Copy out every line of the material below, character for character, apart from the pictures.
··· Data excerpt ···
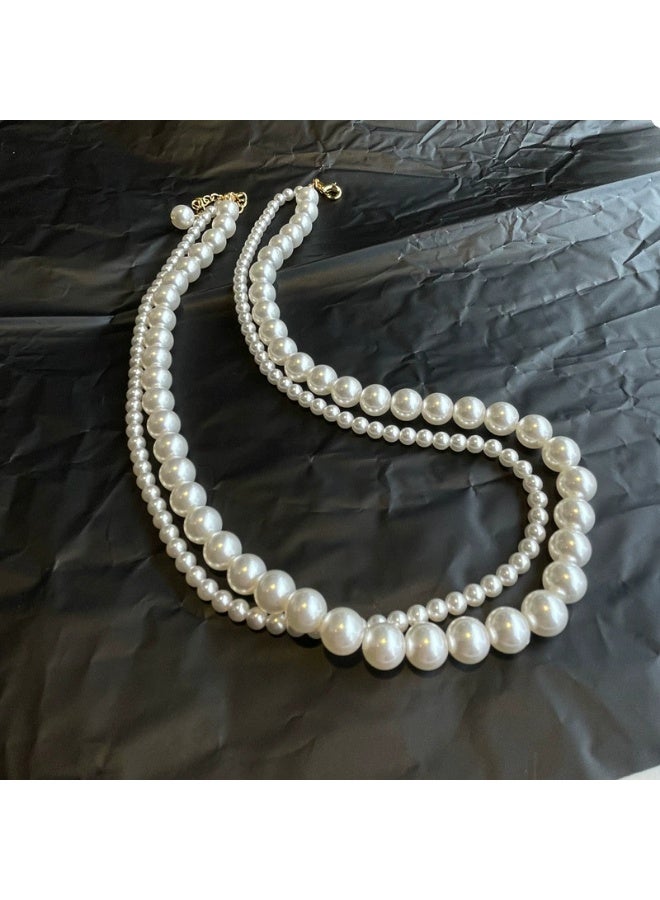 Goolsky Layered Glass Pearl Necklace for Women – Minimalist Double Strand Choker, Elegant Everyday Jewelry - Image 5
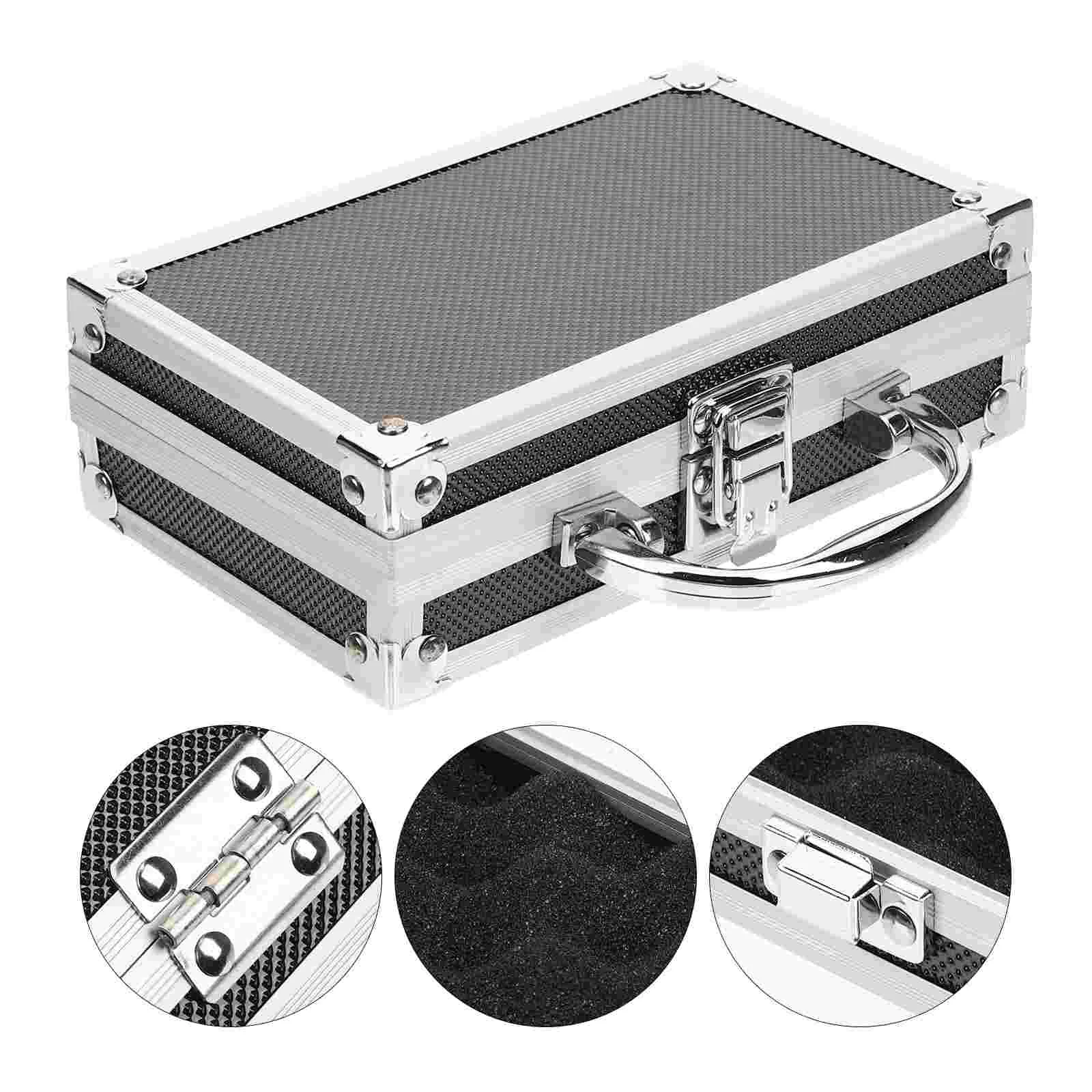 

Multi-purposes Tools Case with Foam Toolbox Handle Carrying Storage Wireless Mic System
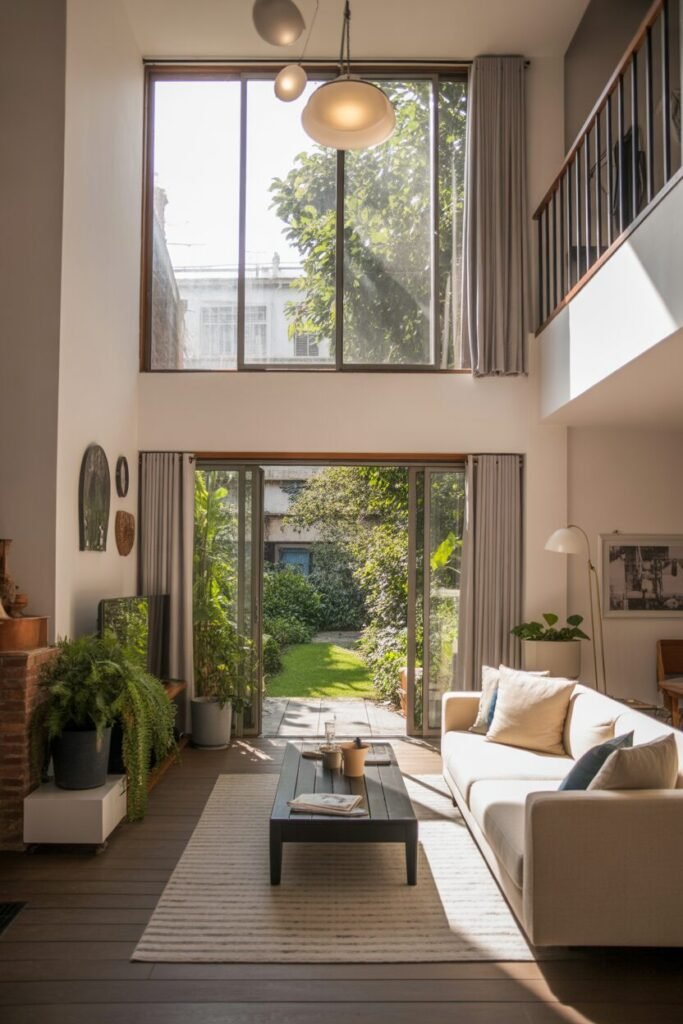 14 Stunning Double Height Living Room 13 living room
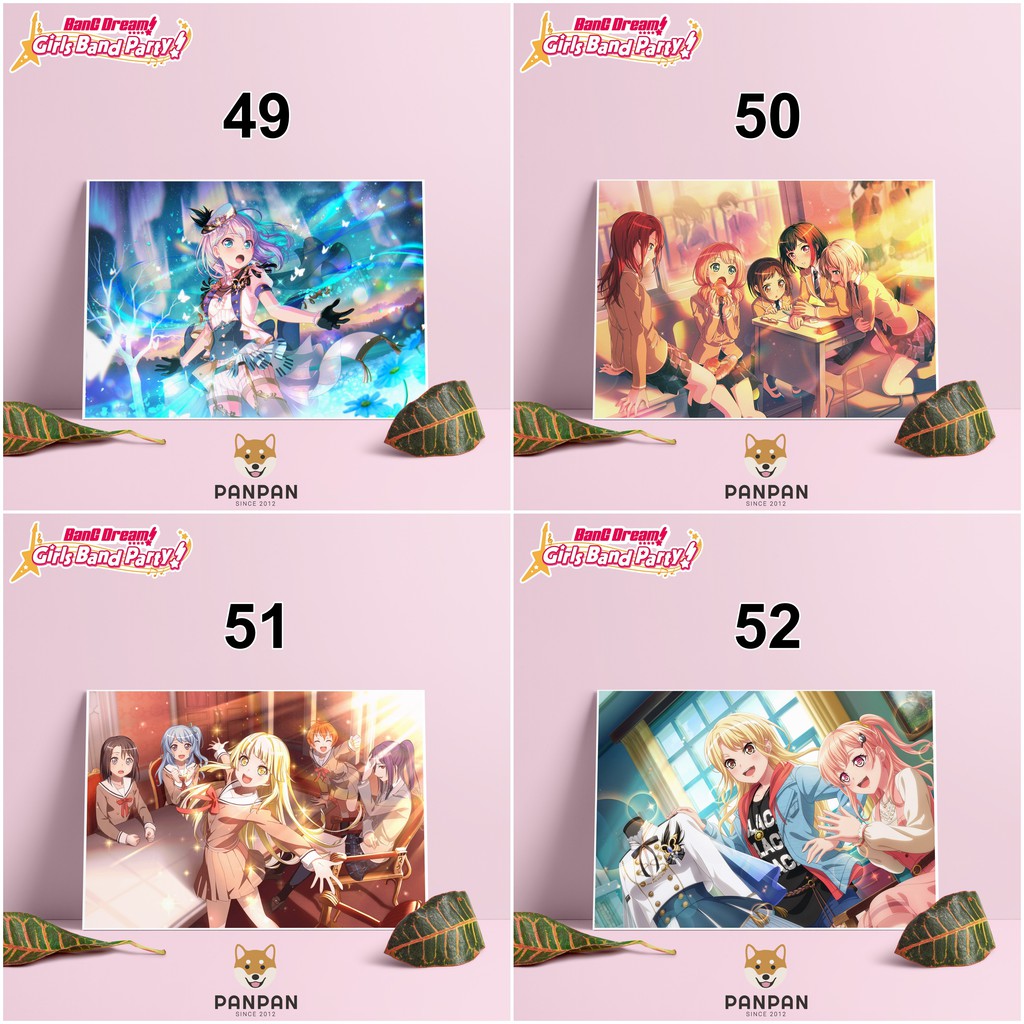 Postcard Cao Cấp - Poster BanG Dream! Bandori (3)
···
# Reply to the exercise
 Goolsky Layered Glass Pearl Necklace for Women – Minimalist Double Strand Choker, Elegant Everyday Jewelry - Image 5

Multi-purposes Tools Case with Foam Toolbox Handle Carrying Storage Wireless Mic System
 14 Stunning Double Height Living Room 13 living room
 Postcard Cao Cấp - Poster BanG Dream! Bandori (3)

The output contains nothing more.